- Data provided:

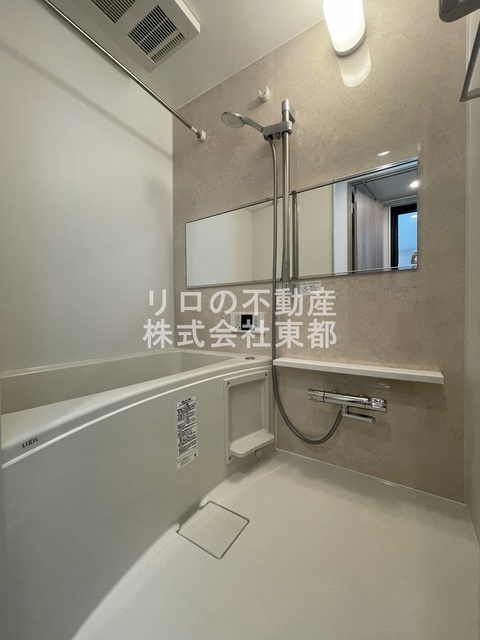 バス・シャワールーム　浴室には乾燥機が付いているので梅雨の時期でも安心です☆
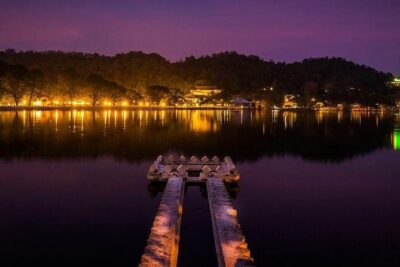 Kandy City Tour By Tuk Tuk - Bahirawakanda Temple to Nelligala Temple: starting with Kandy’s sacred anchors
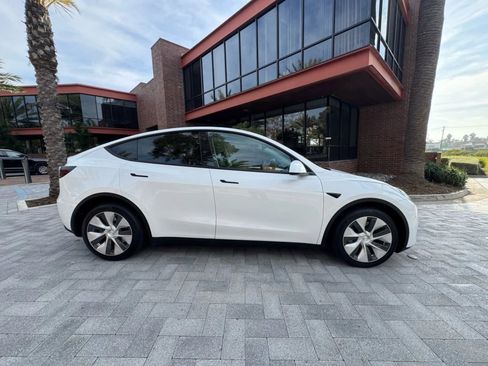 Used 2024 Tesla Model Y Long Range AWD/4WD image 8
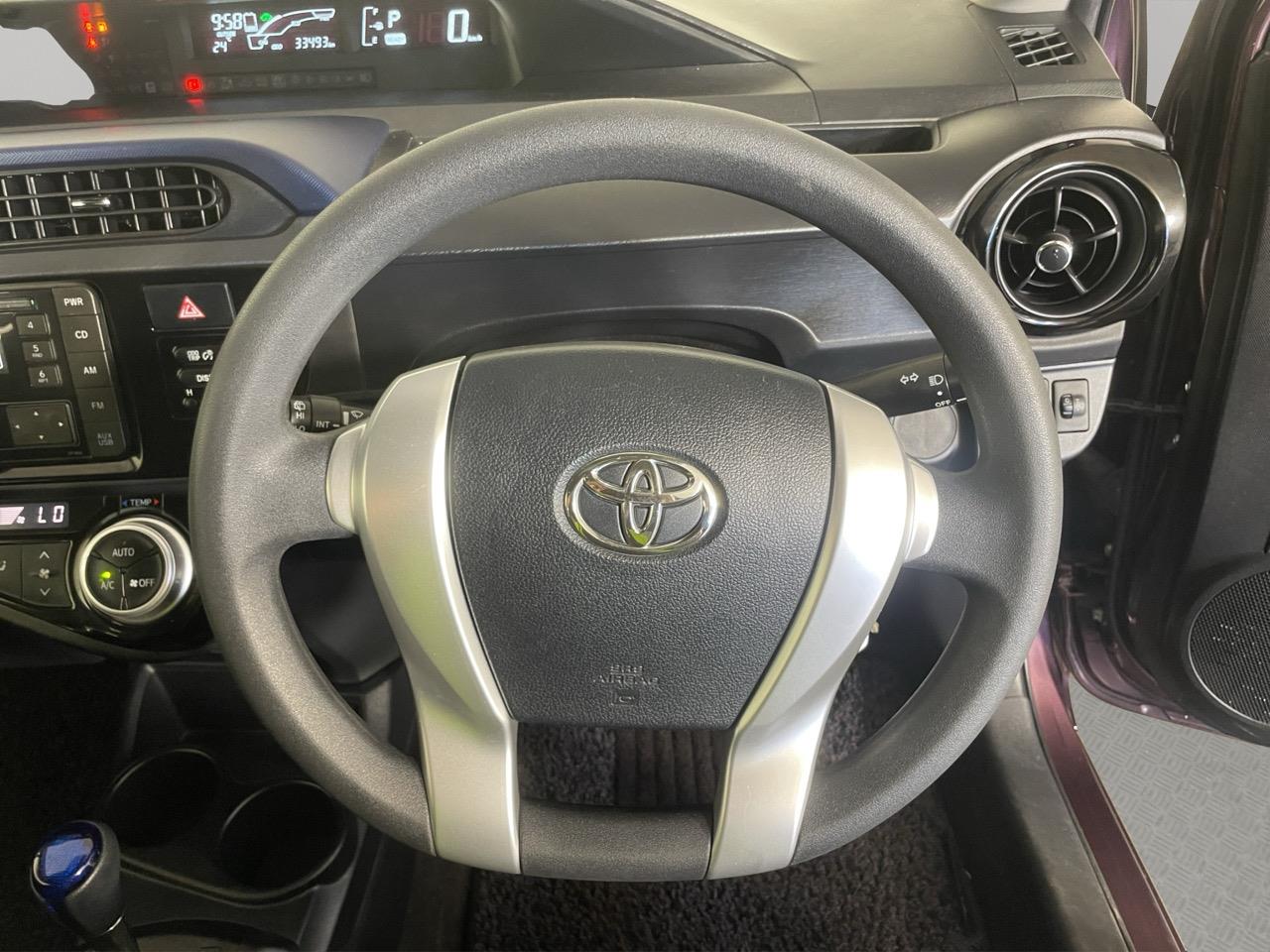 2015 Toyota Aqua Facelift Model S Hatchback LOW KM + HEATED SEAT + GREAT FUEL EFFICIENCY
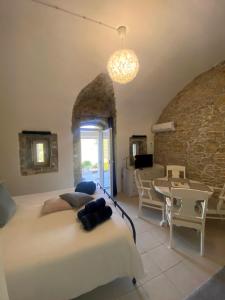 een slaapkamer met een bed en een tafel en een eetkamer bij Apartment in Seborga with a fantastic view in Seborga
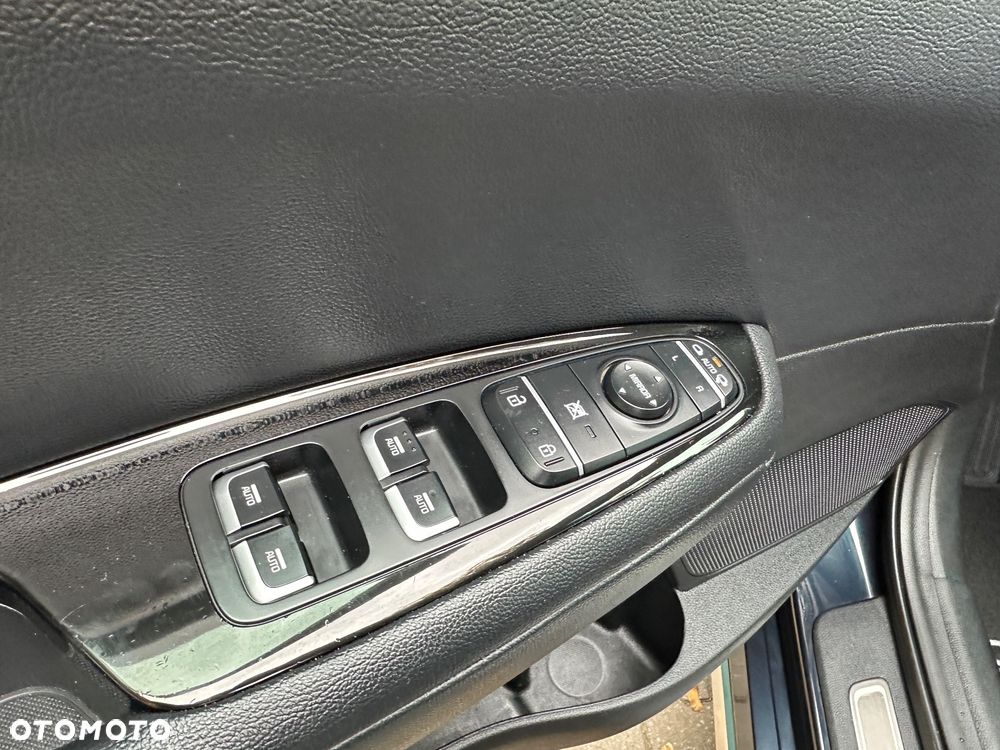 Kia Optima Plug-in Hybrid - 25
...
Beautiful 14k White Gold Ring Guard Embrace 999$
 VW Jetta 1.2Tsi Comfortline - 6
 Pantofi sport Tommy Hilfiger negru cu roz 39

- Problem description: Your task is to restate, word for word, only those lines above that fall between the line holding "Beautiful 14k White" and the line holding "Pantofi sport Tommy Hilfiger negru cu roz 39", inclusive.

- Response box:
Beautiful 14k White Gold Ring Guard Embrace 999$
 VW Jetta 1.2Tsi Comfortline - 6
 Pantofi sport Tommy Hilfiger negru cu roz 39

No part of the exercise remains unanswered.